'Singled out' for speaking Korean, claim fired Delta employees
One of these women said that her manager at Delta told her to "limit speaking Korean" because other agents of the airline who could not speak Korean.
At least four former employees of Delta Air Lines have filed a lawsuit against the aviation company, claiming that they were "singled out and admonished" for speaking Korean to passengers going to and coming from Korea. They also claimed that they were fired because they reported sexual harassment, reports state.
The four former employees — Jongjin An, Ji-Won Kim, Lilian Park and Jean Yi — have alleged race and national origin discrimination, and retaliation in a lawsuit, which was filed last month at King County Superior Court in Washington.
All the women, who speak Korean fluently, reportedly worked in the airlines' customer service department as gate agents at Seattle’s Sea-Tac Airport for flights to and from Korea. The lawsuit states that they were fired in May 2017 and that several passengers on the flights they were assisting spoke Korean.
One of these women, while talking to KIRO 7, said that her manager at Delta told her to "limit speaking Korean" because other agents of the airline who could not speak Korean were uncomfortable. The women, however, have claimed that other employees of the airline who spoke other foreign languages were not given a similar warning as them, according to reports.
Delta released a statement, explaining their actions, stating that the employees were fired because "they violated ticketing and fare rules."
The women, however, acknowledged that they did give passengers free upgrades on oversold flights, but added that it is a common practice for the airlines. “Offering free upgrades, especially on an oversold flight, is a common practice,” Kim told the station. “But suddenly, it became a reason to be terminated, just for us, for Korean women.”
Attorney Jennifer Song said that other agents, however, follow this practice on a "daily basis." The suit filed by them also claims that the women were terminated from their jobs after they reported sexual harassment by the same employee of the company.
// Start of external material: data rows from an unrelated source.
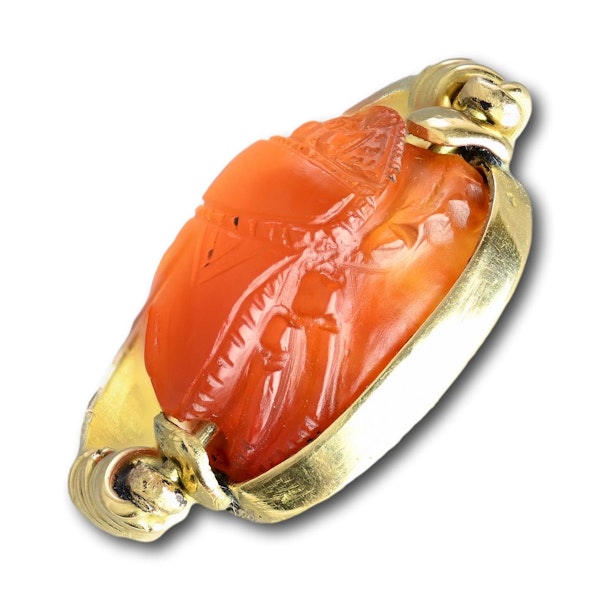 Gold ring with an Etruscan carnelian scarab of a figure carrying an amphora. - image 2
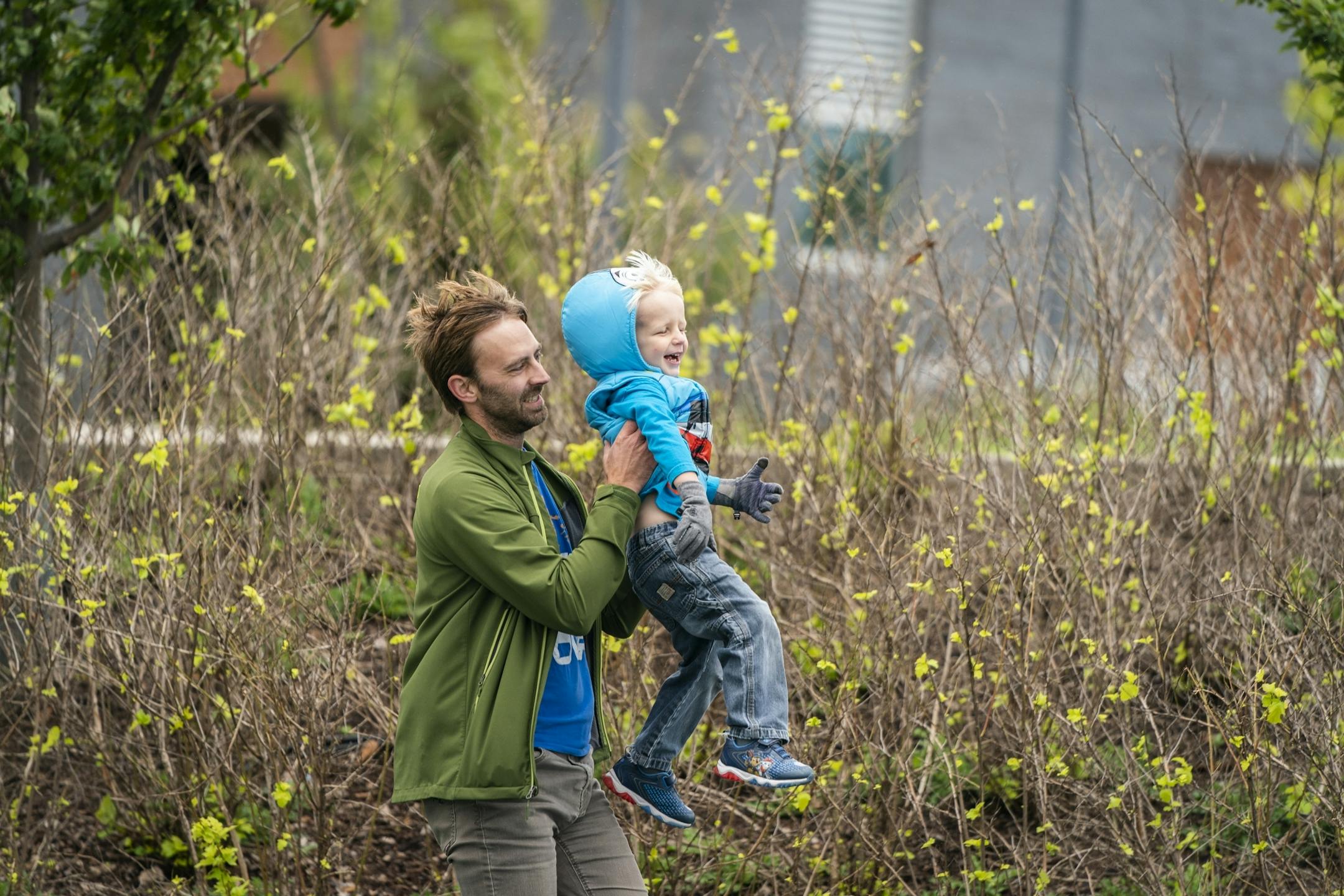 Keith Nagel plays with his son Sawyer, 3, during a Twin Cities Dads playgroup at Central Park in Maple Grove.
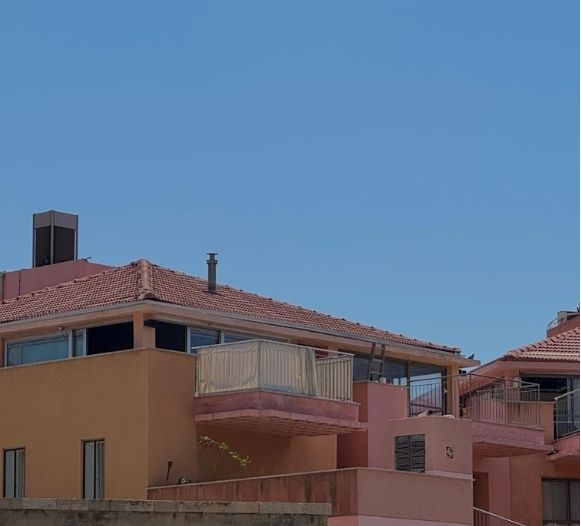 Pink residential building beneath a clear blue sky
The women said that they had reported the employee several times before, but the company did not address the issue, according to KIRO 7. The firm reportedly told them that he would be terminated if another complaint was filed against him, however, that never happened.
One of the women, Yi said: "I tried to avoid touching. So when he came to the gate, I just moved out of sight. I didn’t want to deal with him touching, whispering. It was a daily thing."
While Delta's statement added that it "does not tolerate workplace discrimination or harassment of any kind. We take allegations of workplace harassment and discrimination very seriously, and our investigations into allegations made by these former employees were found to be without merit."
Reports state that three of the women, who have filed the suit, are US citizens and the fourth one expects to become one soon. They, however, said that this is not what they expected before coming to the United States.
“Country of freedom and this is what I got from the company,” Park said. “This is United States. Everybody should be treated equally.”